Open PierreLyons opened 1 year ago

PierreLyons commented 1 year ago

Is there an existing issue for this?

Description of the Bug/Issue

Hi all,

First, thanks for all the work being done on this pipeline.

I'm having an issue running the pipeline at the SUBTYPING REPORT step where it throws an "Illegal instruction" error.

The same issue happens when using either Docker (24.0.6) or Podman (3.4.4), I haven't tried other containers yet.

I suspect it may be related to a hardware compatibility issue, but I thought I'd post here to see if anyone has come across this as well.

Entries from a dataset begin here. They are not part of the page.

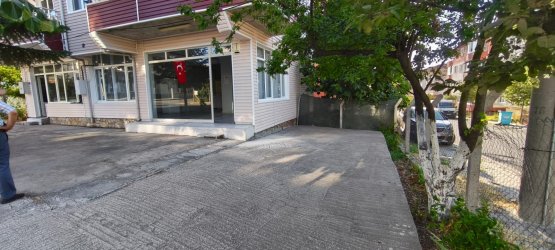 Zafer Mah. Bahçe Kullanımlı Kiralık Köşe Dükkan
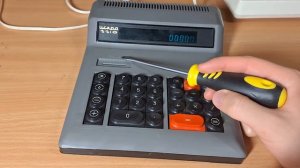 Калькулятор Искра-2210 (1981) | Iskra-2210 soviet calculator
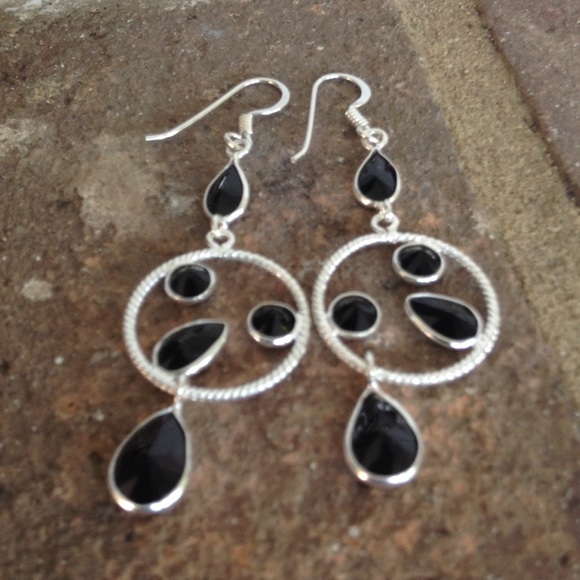 Jewelry - Natural Black Onyx Earrings.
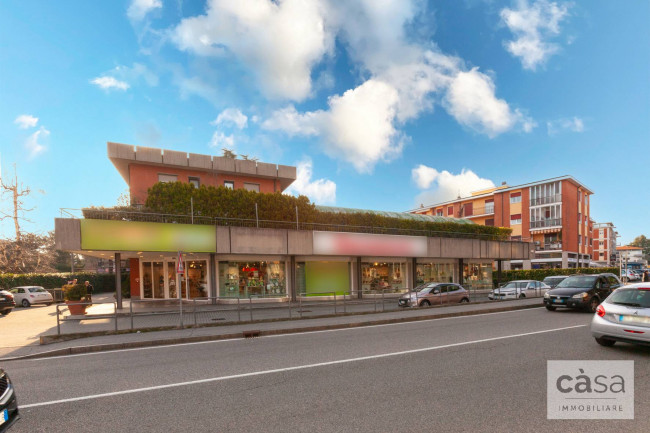 Locale commerciale in vendita a Varese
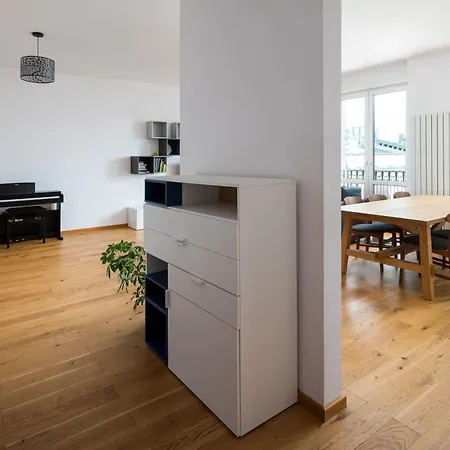 Plac Konstytucji Deluxe By Bookinghost * Varşova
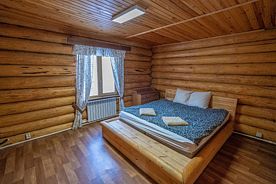 Терем, База отдыха Медвежий угол Увильды, Губернское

The sever I am running is an older Dell T7500 with 6-core Intel Xeon x5650. (Note: This processor does not have AVX support, which I think may be causing the issue.)

This issue happens with any samples I've run so far, either FluA or FluB.

Thanks in advance!

Nextflow command-line

nextflow run CFIA-NCFAD/nf-flu --input test_samplesheet_ab.csv --platform illumina --outdir testruns/test_a -profile podman

Error Message

ERROR ~ Error executing process > 'NF_FLU:ILLUMINA:SUBTYPING_REPORT (1)'

Caused by:
  Process `NF_FLU:ILLUMINA:SUBTYPING_REPORT (1)` terminated with an error exit status (132)

Command executed:

  parse_influenza_blast_results.py \
   --flu-metadata 41415333-influenza.csv \
   --top 3 \
   --excel-report nf-flu-subtyping-report.xlsx \
   --pident-threshold 0.85 \
   --samplesheet samplesheet.fixed.csv \
   FluB-pB-040523-MM00001U-Qc.blastn.txt

  ln -s .command.log parse_influenza_blast_results.log

  cat <<-END_VERSIONS > versions.yml
  "NF_FLU:ILLUMINA:SUBTYPING_REPORT":
     python: $(python --version | sed 's/Python //g')
  END_VERSIONS

Command exit status:
  132

Command output:
  (empty)

Command error:
  .command.sh: line 8:    23 Illegal instruction     (core dumped) parse_influenza_blast_results.py --flu-metadata 41415333-influenza.csv --top 3 --excel-report nf-flu-subtyping-report.x
lsx --pident-threshold 0.85 --samplesheet samplesheet.fixed.csv FluB-pB-040523-MM00001U-Qc.blastn.txt

Work dir:
  /home/vitalite-dev/nf-flu/work/ea/b95127acda6a0a5e626cc44dc3b0a2

Tip: you can try to figure out what's wrong by changing to the process work dir and showing the script file named `.command.sh`

 -- Check '.nextflow.log' file for details

Workflow Version

Workflow 3.3.4, revision: bda4dc7d14

Nextflow Executor

local

Nextflow Version

23.04.3

Java Version

openjdk version "11.0.20.1" 2023-08-24 OpenJDK Runtime Environment (build 11.0.20.1+1-post-Ubuntu-0ubuntu122.04) OpenJDK 64-Bit Server VM (build 11.0.20.1+1-post-Ubuntu-0ubuntu122.04, mixed mode, sharing)

Hardware

Dell T7500

Operating System (OS)

Ubuntu 22.04

Conda/Container Engine

Podman

Additional context

nextflow.log

peterk87 commented 1 year ago

Hi @PierreLyons Thanks for taking the time to report your issue!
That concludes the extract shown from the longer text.